The interface of the session object has been designed to interact exclusively with ontology individuals, and therefore, this page only shows you how to use sessions to deal with assertional knowledge.

However, there is no technical reason for such limitation. Sessions can actually store any ontology entity (including terminological knowledge). As a curiosity, the entities from the ontologies that you install using pico are stored in a hidden session that is not meant to be directly accessed.

The default session can be temporarily changed using the with statement.

[4]:
session_B = Session()

# this will be explained later
session_A.locked = True
session_B.locked = True

with session_B:
    london = city.City(name="London", coordinates=[51.50737, -0.12767])

print(paris in session_A, london in session_B)

# Be careful when using the with statement with several session objects:
# keep in mind that the second will be the one set as default.
with session_A, session_B:
    default_session = Session.get_default_session()
    print(default_session is session_A, default_session is session_B)
True True
False True

Sessions actually work in a way similar to databases. To start using them, one first has to “open” or “connect” to them. After that, changes can be performed on the data they contain, but such changes are not made permanent until a “commit” is performed. When one finishes working with them, the connection should be “closed”. Unconfirmed changes are lost when the connection is “closed”.

In SimPhoNy, all sessions are automatically “opened” when they are created. The “commit” and “close” operations are controlled manually.

In spite of that general rule, for sessions that are not connected to a wrapper, which are the ones being illustrated in this page, the “commit” command actually does nothing, as confirmed changes have nowhere else to go and be made permanent. You can think of commits being automatic in this case.

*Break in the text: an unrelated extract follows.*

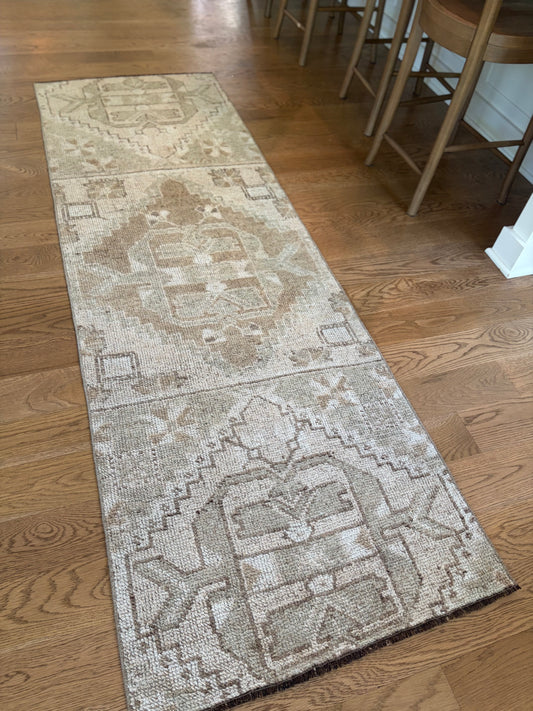 Lollie - 2’8 x 8’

These sessions also do not implement the “close” command.

Therefore, this general rule has just been introduced in order to present a useful mental model for working with all sessions, which includes sessions connected to a wrapper.

Having said that, it is now simpler to understand the purpose of the locked attribute of session objects that appears in the last example. The with statement not only sets a session as the default, but also closes it when leaving its context. Locking a session with the locked attribute prevents the session from being closed if one intents to continue using it. To restore the original behavior, set it to False.